§ Source information
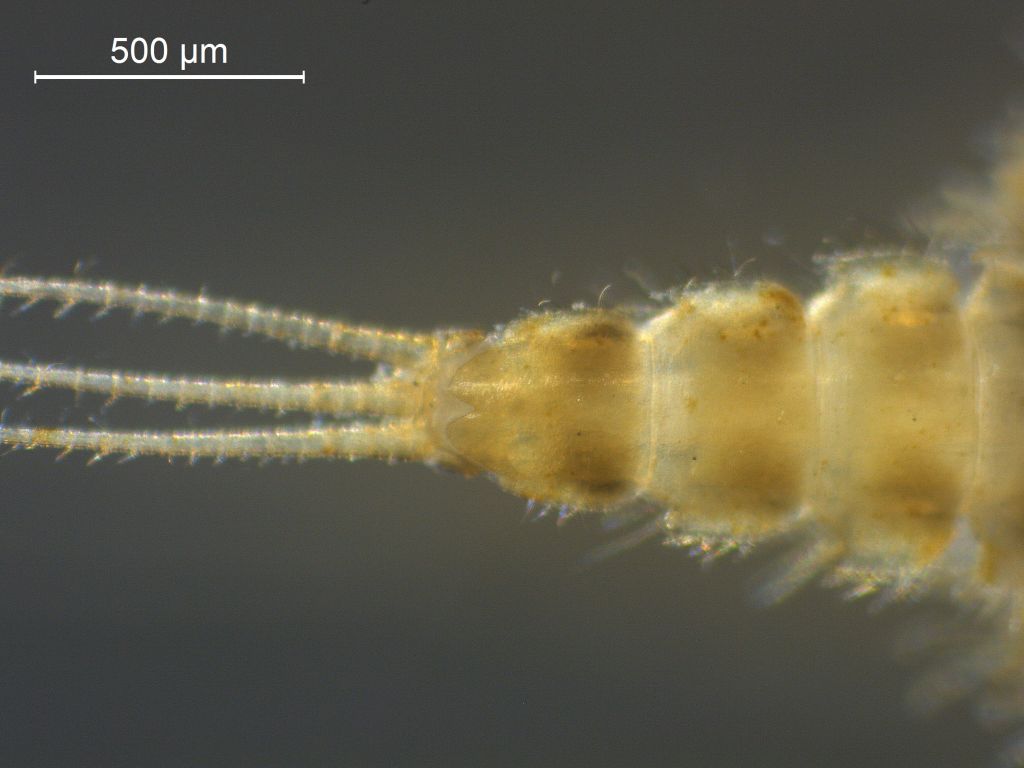 Caenis luctuosa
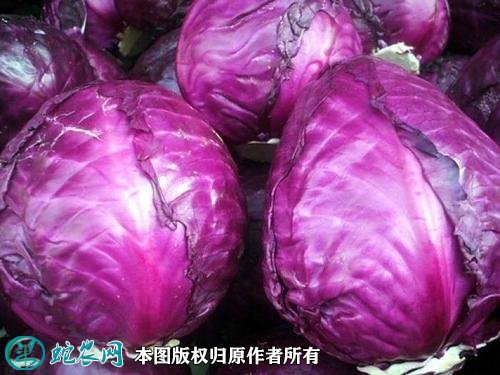 2021年2月26日紫甘蓝价格行情、今日紫包菜多少钱一斤?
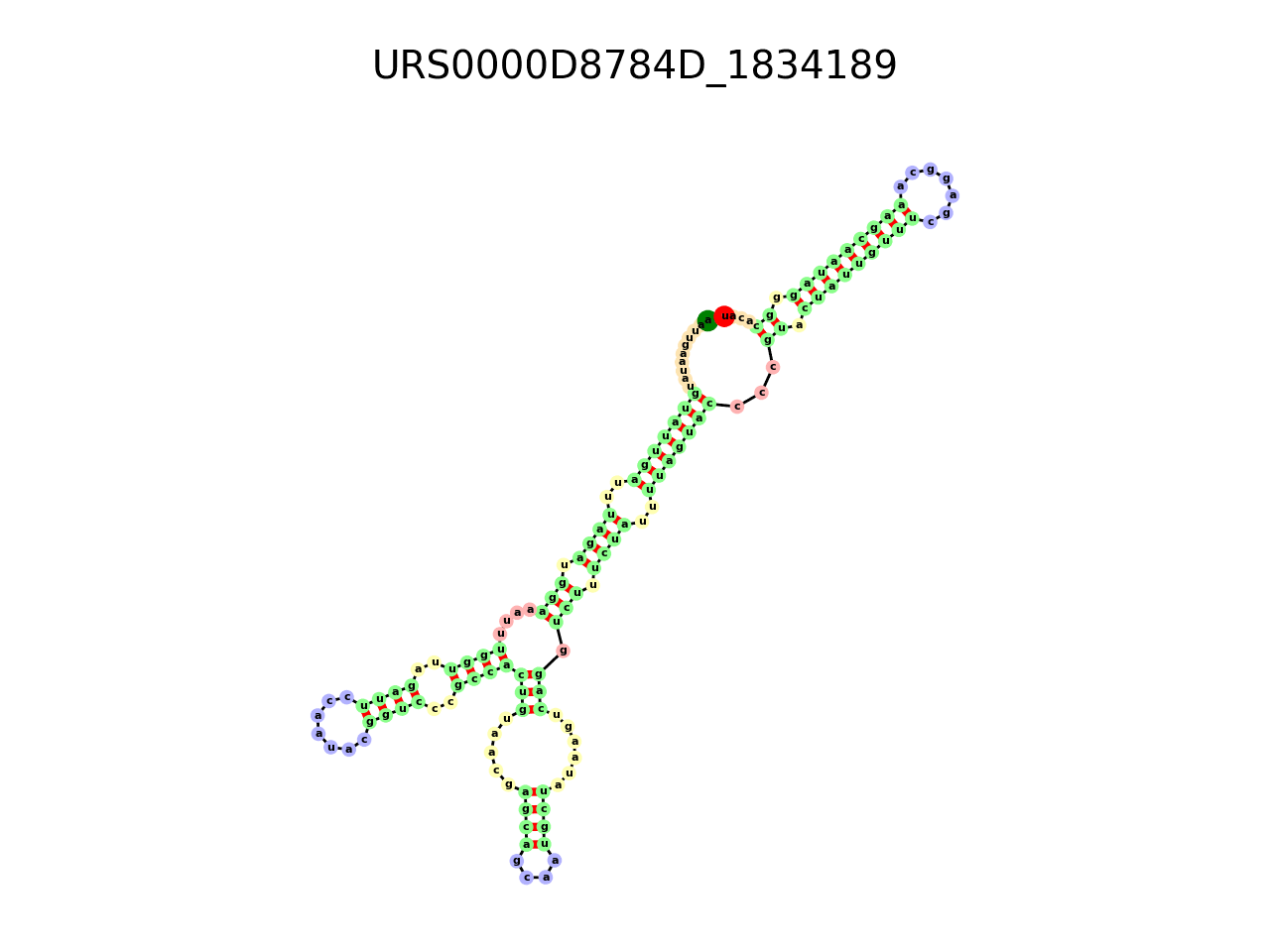 image of the secondary structure of the second Riboswitch match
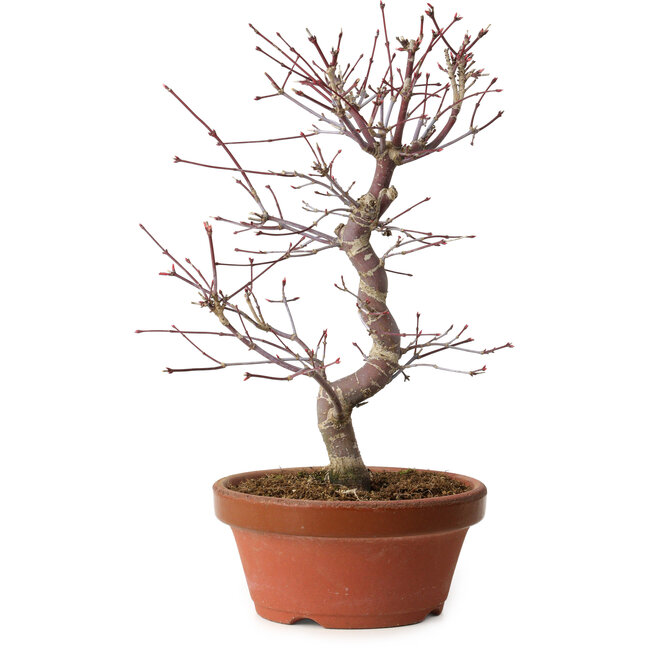 Acer palmatum deshojo, 27 cm, ± 8 anni, con nebari di 3 cm
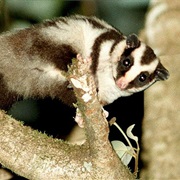 Chestnut-Striped Opossum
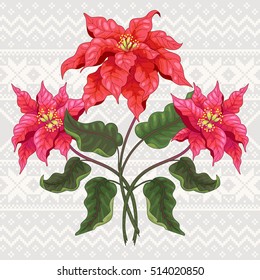 Vector element for design. Branch of poinsettia flowers. Norwegian ornament on seamless background. Christmas collection.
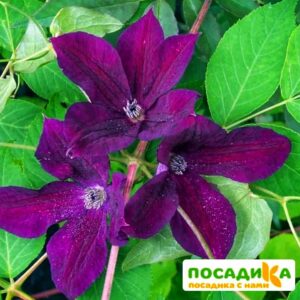 Клематис Блэк Принц (Black Prince) ЗКС купить по цене от 390.00р. в интернет-магазине «Посадика» с доставкой почтой в в Москве и по всей России – [изображение №1].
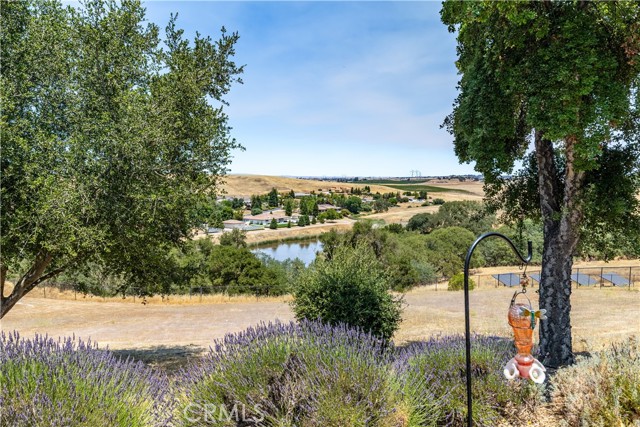 2045 Vista De La Vina, Templeton CA: https://media.crmls.org/medias/8c853318-2169-4473-82f6-3a7f34760e73.jpg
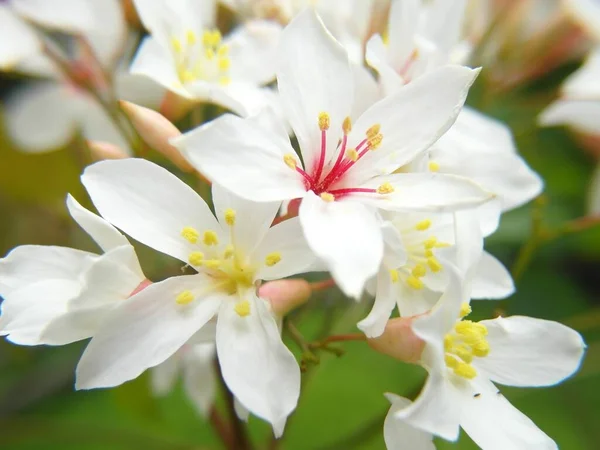 Een Close Shot Van Bloeiende Witte Bloemen Een Tung Oil — Stockfoto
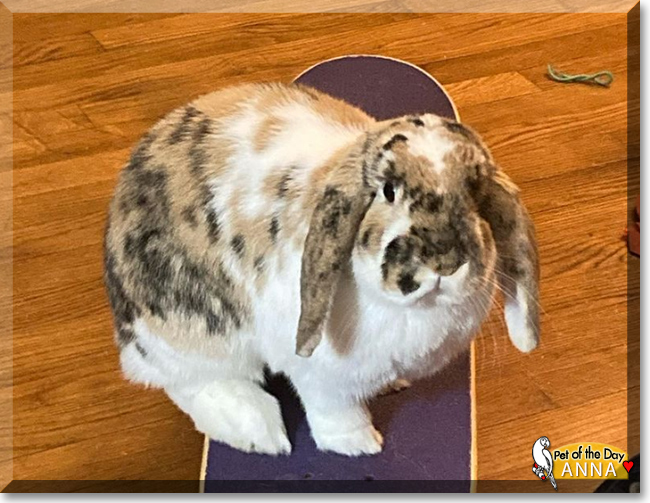 Anna the Mini Lop Rabbit, the Pet of the Day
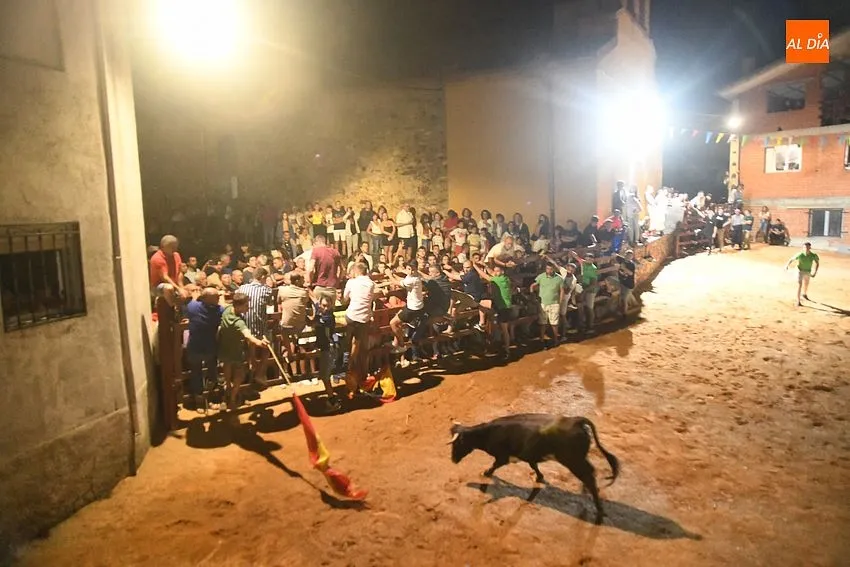 vaquillas noche serradilla del llano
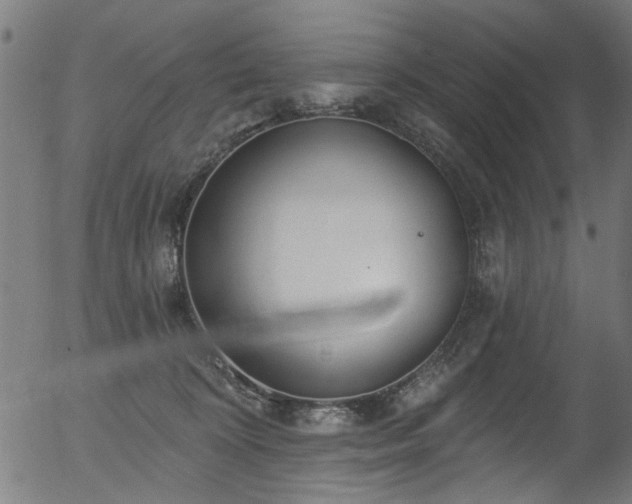 X0000056350324200508291329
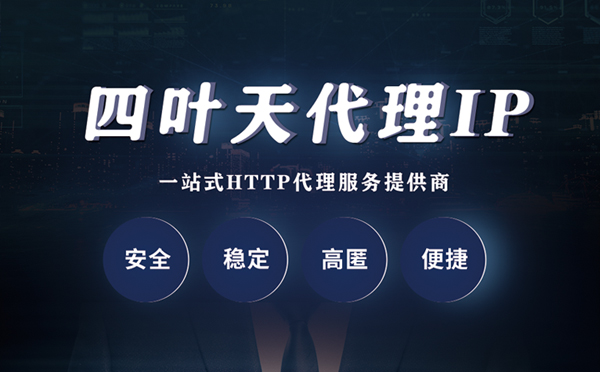 【荆门代理IP】代理ip客户端使用教程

§ The task
Copy out all of the material exactly as written, without its pictures.

§ Reply
 Caenis luctuosa
 2021年2月26日紫甘蓝价格行情、今日紫包菜多少钱一斤?
 image of the secondary structure of the second Riboswitch match
 Acer palmatum deshojo, 27 cm, ± 8 anni, con nebari di 3 cm
 Chestnut-Striped Opossum
 Vector element for design. Branch of poinsettia flowers. Norwegian ornament on seamless background. Christmas collection.
 Клематис Блэк Принц (Black Prince) ЗКС купить по цене от 390.00р. в интернет-магазине «Посадика» с доставкой почтой в в Москве и по всей России – [изображение №1].
 2045 Vista De La Vina, Templeton CA: https://media.crmls.org/medias/8c853318-2169-4473-82f6-3a7f34760e73.jpg
 Een Close Shot Van Bloeiende Witte Bloemen Een Tung Oil — Stockfoto
 Anna the Mini Lop Rabbit, the Pet of the Day
 vaquillas noche serradilla del llano
 X0000056350324200508291329
 【荆门代理IP】代理ip客户端使用教程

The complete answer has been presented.